欣嫔有孕后不久,宫城里便有另外一个嫔妃也诊出了喜脉。

媛嫔赵媛,一个比欣嫔还要不起眼的宫妃,住在东北角的宫殿里,若不是那一次怀孕,几乎都要被人遗忘在这深深的宫禁之中。

那时候王德兴王公公曾说过一句话。说是这人的运气来了便是怎么都挡不住的,媛嫔不过是圣上有回随意翻牌子翻到了,便一举留下了血脉,从一个默默无闻的小嫔妃,变成了后宫里的红人。

只是这媛嫔的运气来得快去得也快。

欣嫔纪欣顺利产下三皇子林诺,而媛嫔却未足五月就生病小产,太医诊脉说日后再难有子嗣,几个月间就从云间跌进了泥土里。

宫人们惯是喜欢看热闹的,便有人私底下说,媛嫔这是命里没有四皇子,到底还是欣嫔更胜一筹。

如今三皇子林诺都满周岁了,那事过去了一年有余,媛嫔也渐渐淡出了人们的视野,却不想,这回金鳞卫审案,那两个疑似犯案的宫女竟是把她给供出来了。

沐芳宫里,景福恭敬地行了一礼:“贤妃娘娘万福,小的奉圣上命请娘娘往镌文阁去听审。圣上有谕,此案牵涉后宫,诸位娘娘理应知晓,还请娘娘速速动身,莫要耽搁。”

贤妃司空瑛自然认得这是王德兴那个徒弟。

她是今晨临近天亮才回宫的,回来又听自己儿子林谦说了一番奉贤殿外的事情,才不过睡了一个多时辰就又被叫起来。

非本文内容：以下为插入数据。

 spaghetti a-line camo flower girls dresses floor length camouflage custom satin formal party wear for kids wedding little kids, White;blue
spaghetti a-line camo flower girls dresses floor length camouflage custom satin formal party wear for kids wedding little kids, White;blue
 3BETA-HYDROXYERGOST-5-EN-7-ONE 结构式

她自然不怀疑金鳞卫的能力,也不怀疑圣上的手段,只是景福来得这样着急,又说是此案牵涉后宫,再联想到昨日乐阳公主就被关进了奉贤殿,贤妃心里不免有了一种不好的预感。

先皇后在世时,她与先皇后交好,自先皇后去世,她也自认,作为好友,自己理应照顾姐妹留下的孩子。

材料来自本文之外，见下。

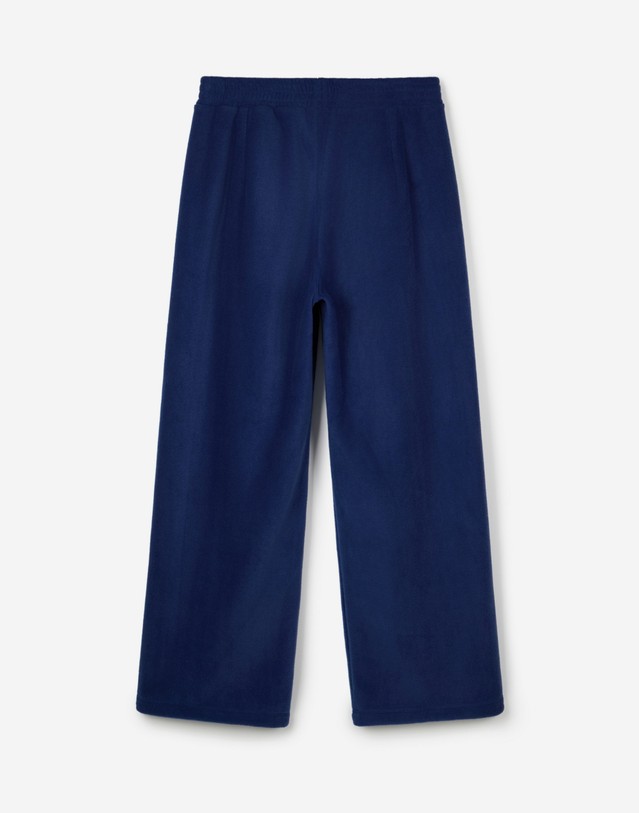 티엔지티 세트 [UNI] Koenji Fleece Wide-Leg Pants (Blue) 블루 착용컷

乐阳乖巧懂事,是她看着长大的,如今眼瞧着要牵扯进谋害皇嗣的大案里,贤妃怎能不急?

她朝身边的宫婢使了个眼色,那宫女是贤妃身边的老人了,立时走上前,借着身子遮掩,往景福怀中塞了一锭银子。

“不知圣上命景公公前来,可是昨日的案子审出了什么?”

景福跟在王德兴身边的,年纪虽然还没有多大,但这种事见多了,比许多老宫人还熟练。

那银子也没瞧见是怎么回事就被他收了起来,而后贤妃便听他压低了声音道:“金鳞卫抓住两个可疑的宫女,已经招了,是……”

景福比了一个四,而后便垂首后退了两步,像是方才什么都没说一般,恭敬等着贤妃启程离开了。

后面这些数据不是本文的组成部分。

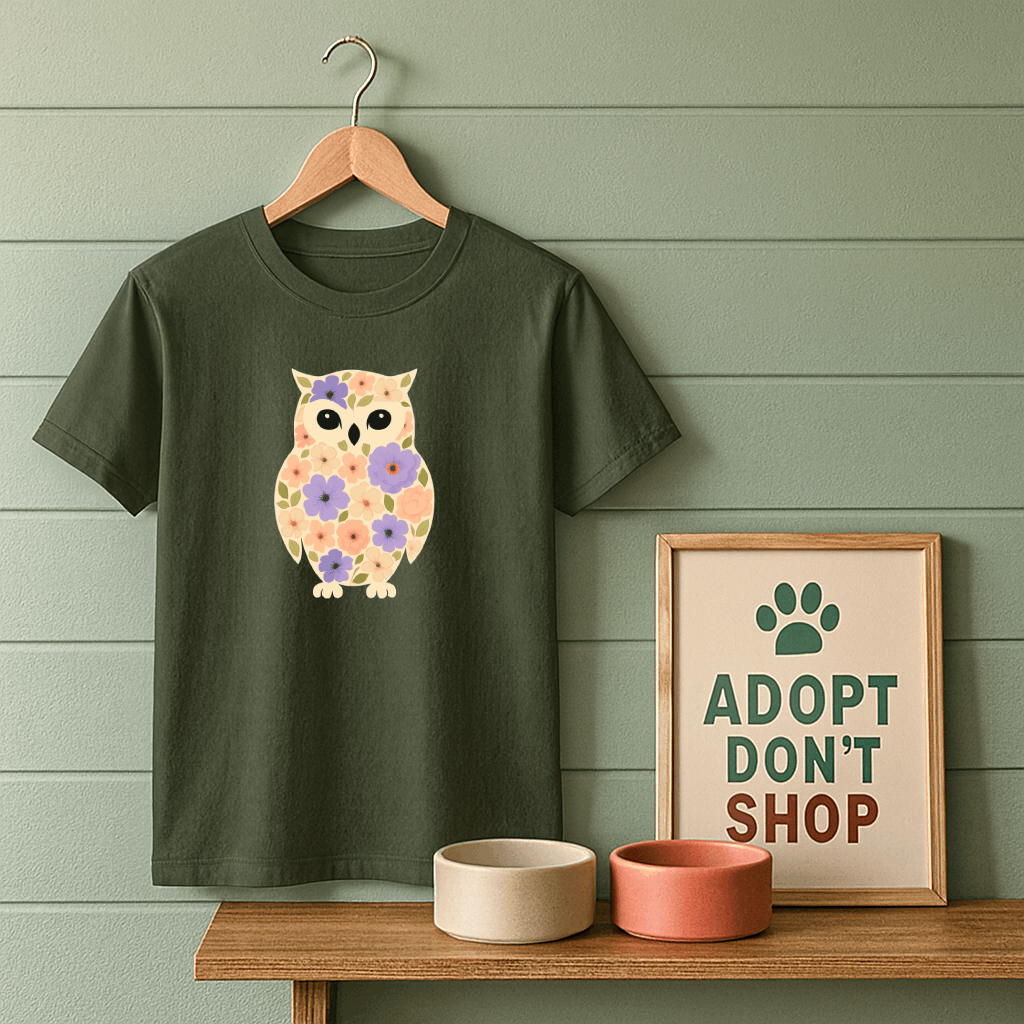 Floral Owl T-Shirt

贤妃眼中闪过一丝难以置信,下一瞬她又掩饰起自己的情绪,一边命人去请二皇子,一边往殿外走去。

林谦正焦急地等消息呢,听见母妃叫他,一溜烟就来了,可他没想到,听过了母妃的交代,他竟比之前还要更一头雾水。

他是个不着调的富贵闲人,阖宫里嫔妃那么多,他对这个什么媛嫔一点印象都没有。

那镌文阁侧殿睡的是三皇子,身边都是欣嫔的人,林谦乱猜的时候还想,那宫女怎么也得是欣嫔的人才对,没想到竟然冒出个不知道哪来的媛嫔。

可他也分得清轻重缓急。

母妃被召见去镌文阁,定是父皇今日就要审这案子了。

不过一个晚上,金鳞卫就能问出东西来,显然犯案的人是初犯,没有什么胆量,他若不快点,只怕他把消息送出去,父皇那边罪都定下了。

谁也不知道这媛嫔会说出什么来,当务之急,要赶紧把这事告诉目今被怀疑的乐阳妹妹,让她早做准备才是。

奉贤殿里,林悠已用过了午膳。

正要到一天中最热的时候,虽然盛夏还未来临,但暑热的气息已有了先兆。

她打着一柄从书架上寻到的折扇,一边摇一边想,怎么那位许大人走了之后就再没有音信了,不管她到底还有没有嫌疑,总得有点处置的办法才是。

正这么想着呢,北窗户“扣扣”轻响了两声。

林悠一个激灵,打扇子的手停了,直起身子往声音的来处看去。

奉贤殿里她再熟悉不过,这间屋子北窗户是后窗,外头连着回廊,是往读书的学堂去的,这会金鳞卫守着,谁又会从那边过来呢?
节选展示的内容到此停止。